Barnes: “Levar a vida a sério será magnífico ou estúpido?”
CRÓNICA
| Rui Miguel Rocha
Estou muito contente por ter lido este livro. Mesmo depois de ter passado por partes difíceis, às quais não dei a mínima importância, como em todos os livros, uns mais do que outros.
O papagaio representa o que não sabemos do génio, o que é muito. Assim com as estátuas do mesmo, possivelmente transformadas pelos nazis “em insígnias de bonés”. Será o papagaio empalhado uma relíquia? E como Eça, questionar: “O que é que nos torna ávidos de relíquias?” Como a empregada de Robert Louis Stevenson que vendeu cabelo do mesmo “que chegava para estofar um sofá.”

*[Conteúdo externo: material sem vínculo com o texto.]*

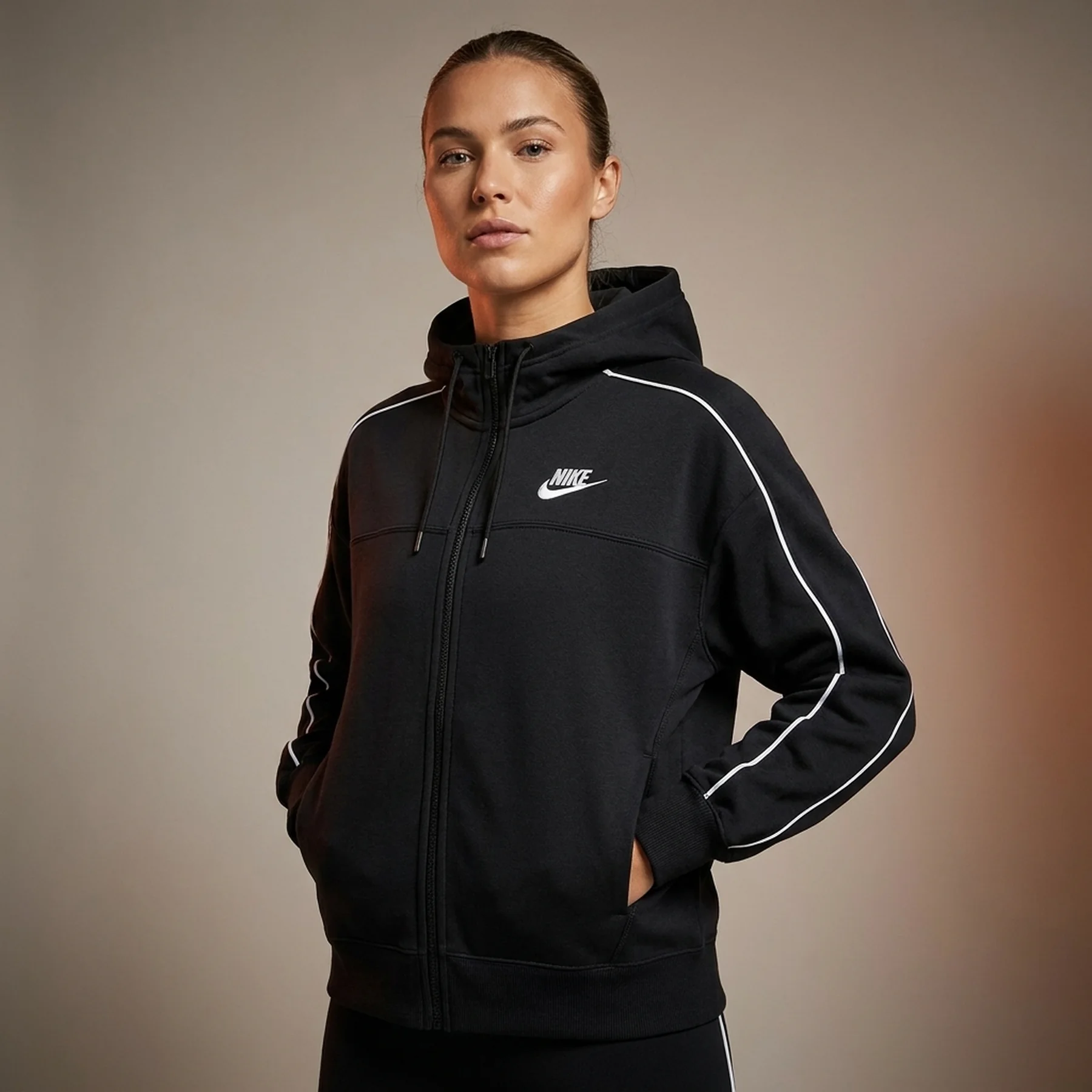 Светр жіночий Nike W Nsw Mlnm Essntl Flc Fz Hdy (CZ8338-010)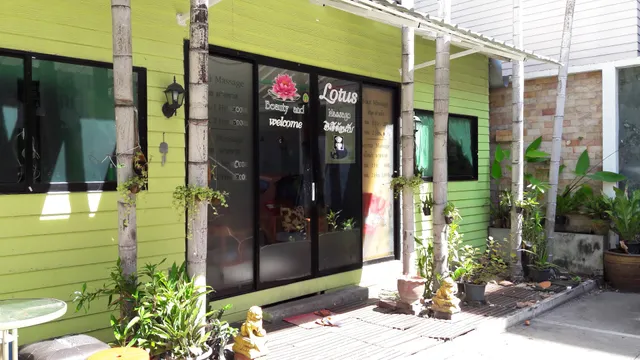 Lotus Massage Soi 11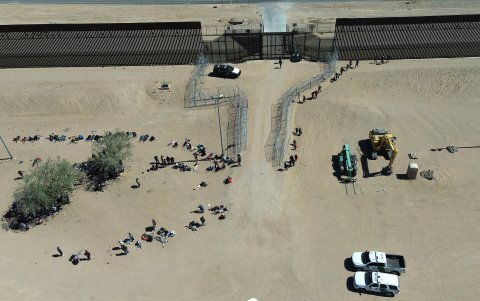 Foto aérea que muestra a migrantes en las inmediaciones con la frontera de Estados Unidos este jueves en Ciudad Juárez (México).
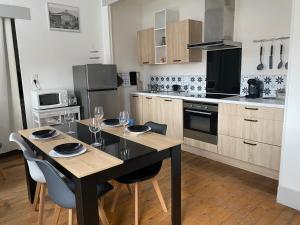 Kuchyň nebo kuchyňský kout v ubytování Le Renouveau avec FAFE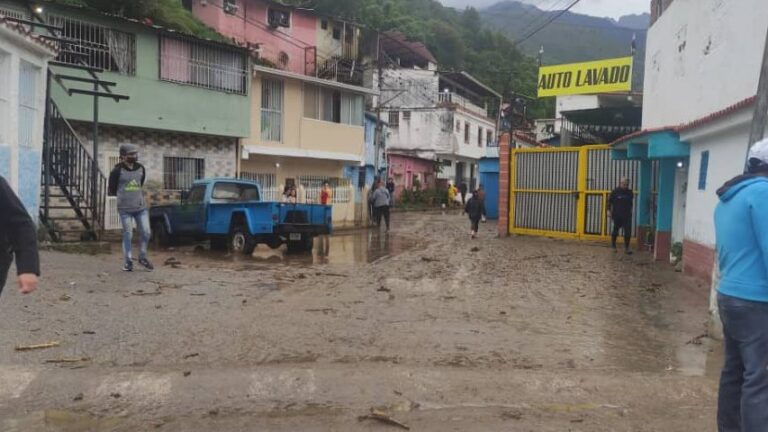 Familias piden ayuda a las autoridades tras daños por lluvias en Mérida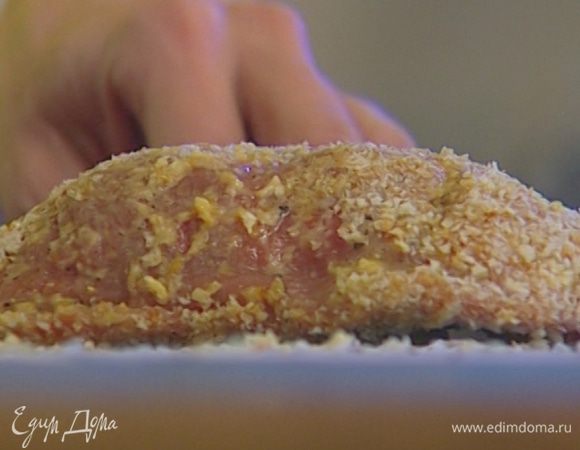 Каждую отбивную обвалять в муке, затем в яйце и в сухарях. 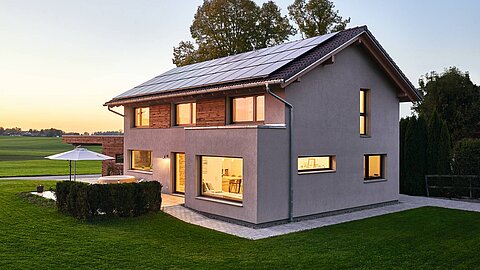 Einfamilienhaus beleuchtet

Adiante, que a vida continua para quem não morre: “‘A vida! A vida! Ter ereções!’ Li outro dia esta exclamação de Flaubert. Fez-me sentir como uma estátua de pedra com um remendo entre pernas.”
Mas “ será que alguma altura certa para morrer?”
Este é um livro à procura de um mistério que não existe, um livro sob muitos pontos de vista, centrados no autor que se centra em Flaubert: “pode definir-se uma rede de duas maneiras, dependendo do ponto de vista. De um modo geral, diz-se que é um instrumento com buracos destinados a apanhar peixe. Mas podemos, sem agredir muito a lógica, inverter a imagem e definir uma rede como o fez uma vez um lexicógrafo brincalhão: um conjunto de buracos ligados por um fio.”
Mas a vida sempre, em todos os seus altos e baixos com mais uma citação do autor de Ema: “o que eu preciso é de continuidade, quer no descanso quer no movimento.”
E nisto tudo de vida ou papagaio “Não se sabe o que aconteceu à verdade.”
E sobre a guerra, disse Flaubert: “Seja o que for que aconteça, continuaremos estúpidos.”
Ficamos também a conhecer August Pinard, o advogado que conduziu um processo contra duas obras primas: Bovary e Les Fleurs du Mal.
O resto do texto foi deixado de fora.